LITTÉRATURE

« Un geste vers le bas » – La danseuse et le cheval

© Gallimard

Alors que Bartabas est en pleine représentation de son dernier spectacle, Femmes Persanes, il fait paraître un nouveau livre. Un geste vers le bas est un texte-révérence qui raconte sa rencontre croisée avec Pina Bausch et un de ses chevaux. Un vertige.

Extérieur nuit. Bartabas. Pina Bausch. Elle désire qu’il l’initie à son art. Elle demande à faire sa rencontre. Ils se reconnaissent d’un regard et, par-delà leur silence de grands timides, se parlent. Ils fument, boivent, se confient sur la création et se présentent leurs compagnons de travail. Elle, ses danseurs. Lui, ses chevaux.  Bartabas est écuyer, metteur en scène, et fondateur du théâtre équestre Zingaro. Depuis 1989, il est installé avec sa compagnie au sein du Fort d’Aubervilliers où il vit et donne ses représentations. Danseuse-chorégraphe iconique, Pina Bausch (1940-2009) est une pionnière de la danse contemporaine.

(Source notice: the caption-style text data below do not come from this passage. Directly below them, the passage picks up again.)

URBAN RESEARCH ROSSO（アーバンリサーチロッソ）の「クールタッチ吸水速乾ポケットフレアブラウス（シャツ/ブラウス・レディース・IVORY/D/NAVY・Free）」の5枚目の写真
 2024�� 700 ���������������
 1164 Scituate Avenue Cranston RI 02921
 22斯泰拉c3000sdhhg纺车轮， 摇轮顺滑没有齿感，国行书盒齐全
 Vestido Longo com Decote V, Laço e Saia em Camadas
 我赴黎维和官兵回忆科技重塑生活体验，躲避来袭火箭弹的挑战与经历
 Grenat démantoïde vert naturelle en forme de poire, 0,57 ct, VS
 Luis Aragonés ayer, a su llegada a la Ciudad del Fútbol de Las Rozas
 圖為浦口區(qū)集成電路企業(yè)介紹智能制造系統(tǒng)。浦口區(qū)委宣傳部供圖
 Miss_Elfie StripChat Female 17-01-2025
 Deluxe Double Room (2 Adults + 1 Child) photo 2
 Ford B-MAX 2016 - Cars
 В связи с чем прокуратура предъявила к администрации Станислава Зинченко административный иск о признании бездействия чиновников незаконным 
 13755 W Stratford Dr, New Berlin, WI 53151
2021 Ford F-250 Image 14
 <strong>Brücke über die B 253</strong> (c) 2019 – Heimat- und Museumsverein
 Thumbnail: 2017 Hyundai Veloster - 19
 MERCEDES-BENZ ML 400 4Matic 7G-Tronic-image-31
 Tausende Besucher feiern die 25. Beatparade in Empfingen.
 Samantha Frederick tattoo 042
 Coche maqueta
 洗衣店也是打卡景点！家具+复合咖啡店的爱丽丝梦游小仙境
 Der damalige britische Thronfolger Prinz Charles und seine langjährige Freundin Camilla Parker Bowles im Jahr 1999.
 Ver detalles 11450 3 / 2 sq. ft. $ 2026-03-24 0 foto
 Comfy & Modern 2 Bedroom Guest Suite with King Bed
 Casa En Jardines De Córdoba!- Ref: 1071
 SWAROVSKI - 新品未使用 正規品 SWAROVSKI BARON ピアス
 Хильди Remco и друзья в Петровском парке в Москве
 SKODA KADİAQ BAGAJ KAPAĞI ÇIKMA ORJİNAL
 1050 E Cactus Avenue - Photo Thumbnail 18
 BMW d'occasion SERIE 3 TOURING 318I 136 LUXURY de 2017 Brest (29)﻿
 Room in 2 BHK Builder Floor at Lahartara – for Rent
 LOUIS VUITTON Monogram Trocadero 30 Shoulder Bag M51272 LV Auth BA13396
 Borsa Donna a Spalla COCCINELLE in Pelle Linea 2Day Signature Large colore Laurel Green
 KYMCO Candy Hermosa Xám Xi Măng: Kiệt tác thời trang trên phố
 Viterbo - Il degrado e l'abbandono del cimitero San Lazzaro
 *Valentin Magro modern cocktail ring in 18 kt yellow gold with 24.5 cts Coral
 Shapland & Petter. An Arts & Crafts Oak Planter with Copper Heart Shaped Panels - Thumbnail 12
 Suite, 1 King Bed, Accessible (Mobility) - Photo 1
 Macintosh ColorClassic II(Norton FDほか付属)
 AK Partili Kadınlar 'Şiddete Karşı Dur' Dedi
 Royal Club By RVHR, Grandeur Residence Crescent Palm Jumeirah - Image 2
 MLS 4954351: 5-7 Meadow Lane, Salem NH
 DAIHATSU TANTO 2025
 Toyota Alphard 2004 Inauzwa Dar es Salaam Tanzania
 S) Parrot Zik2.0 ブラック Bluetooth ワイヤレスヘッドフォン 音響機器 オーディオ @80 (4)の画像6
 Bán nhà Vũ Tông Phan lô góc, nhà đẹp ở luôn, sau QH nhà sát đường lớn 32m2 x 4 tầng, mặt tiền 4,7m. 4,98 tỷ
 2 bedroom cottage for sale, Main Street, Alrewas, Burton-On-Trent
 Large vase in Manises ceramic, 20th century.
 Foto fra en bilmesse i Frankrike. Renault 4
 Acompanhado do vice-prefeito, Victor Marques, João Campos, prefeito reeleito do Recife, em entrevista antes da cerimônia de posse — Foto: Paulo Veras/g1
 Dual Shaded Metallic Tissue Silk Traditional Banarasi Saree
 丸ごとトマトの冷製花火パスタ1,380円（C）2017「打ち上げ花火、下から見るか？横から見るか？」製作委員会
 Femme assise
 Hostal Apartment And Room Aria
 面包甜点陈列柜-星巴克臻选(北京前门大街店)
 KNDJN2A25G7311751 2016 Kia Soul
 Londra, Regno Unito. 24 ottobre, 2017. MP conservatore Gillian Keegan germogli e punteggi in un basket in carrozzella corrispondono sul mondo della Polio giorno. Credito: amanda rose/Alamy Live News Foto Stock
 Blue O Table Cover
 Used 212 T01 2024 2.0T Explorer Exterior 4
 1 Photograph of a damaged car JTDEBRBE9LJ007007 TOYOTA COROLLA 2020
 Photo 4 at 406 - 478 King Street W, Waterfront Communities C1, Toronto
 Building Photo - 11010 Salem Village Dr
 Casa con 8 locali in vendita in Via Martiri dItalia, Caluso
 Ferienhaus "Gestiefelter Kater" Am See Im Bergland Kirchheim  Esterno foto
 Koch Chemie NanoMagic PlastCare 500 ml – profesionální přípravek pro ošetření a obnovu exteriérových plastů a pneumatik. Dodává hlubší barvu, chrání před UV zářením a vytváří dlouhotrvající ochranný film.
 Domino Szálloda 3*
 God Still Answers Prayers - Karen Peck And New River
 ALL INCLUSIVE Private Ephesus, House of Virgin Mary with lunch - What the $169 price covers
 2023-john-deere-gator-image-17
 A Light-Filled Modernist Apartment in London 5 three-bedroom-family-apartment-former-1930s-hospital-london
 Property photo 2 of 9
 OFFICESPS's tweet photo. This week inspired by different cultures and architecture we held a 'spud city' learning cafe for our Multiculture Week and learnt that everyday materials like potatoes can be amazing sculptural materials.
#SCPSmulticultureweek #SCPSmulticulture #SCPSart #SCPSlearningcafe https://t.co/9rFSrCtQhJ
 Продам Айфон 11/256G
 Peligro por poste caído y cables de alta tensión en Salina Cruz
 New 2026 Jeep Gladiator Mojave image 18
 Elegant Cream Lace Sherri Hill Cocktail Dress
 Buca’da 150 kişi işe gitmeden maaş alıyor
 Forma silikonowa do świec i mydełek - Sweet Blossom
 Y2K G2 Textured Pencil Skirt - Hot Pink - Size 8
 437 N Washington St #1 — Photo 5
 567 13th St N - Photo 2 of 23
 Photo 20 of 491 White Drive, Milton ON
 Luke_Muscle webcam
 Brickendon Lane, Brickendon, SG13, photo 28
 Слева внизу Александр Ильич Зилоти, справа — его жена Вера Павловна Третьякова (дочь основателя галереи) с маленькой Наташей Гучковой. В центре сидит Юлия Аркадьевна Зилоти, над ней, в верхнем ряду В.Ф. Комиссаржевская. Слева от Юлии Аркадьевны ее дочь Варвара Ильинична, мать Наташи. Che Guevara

En 1990, ces deux artistes d’exception – qui ont su faire bouger les lignes de leur discipline respective – se rencontrent  après un spectacle de la compagnie Zingaro. Bartabas vénère Pina. Elle est une virtuose du mouvement qu’il décrit comme une « âme tourmentée » dont le corps semble constamment baigné dans la fumée blanche de son tabac et de ses volatiles pensées. Leur amitié se précisant, ils décident de passer des paroles à l’expérimentation. Bartabas lui présente son cheval Micha Figa. 

D’une rencontre l’autre

Plutôt qu’une rencontre, Un geste vers le bas est le récit de trois rencontres enchâssées. D’abord, Bartabas découvre Micha Figa. Ce cheval est un de ceux qui se sont présentés sur le chemin de sa vie. Il n’est pas celui qu’il cherchait mais celui que le destin lui a confié. Puis, Bartabas rencontre Pina Bausch et, très vite, il lui présente Micha Figa qui sera son partenaire. « Elle espère en lui comme j’espère en elle ». 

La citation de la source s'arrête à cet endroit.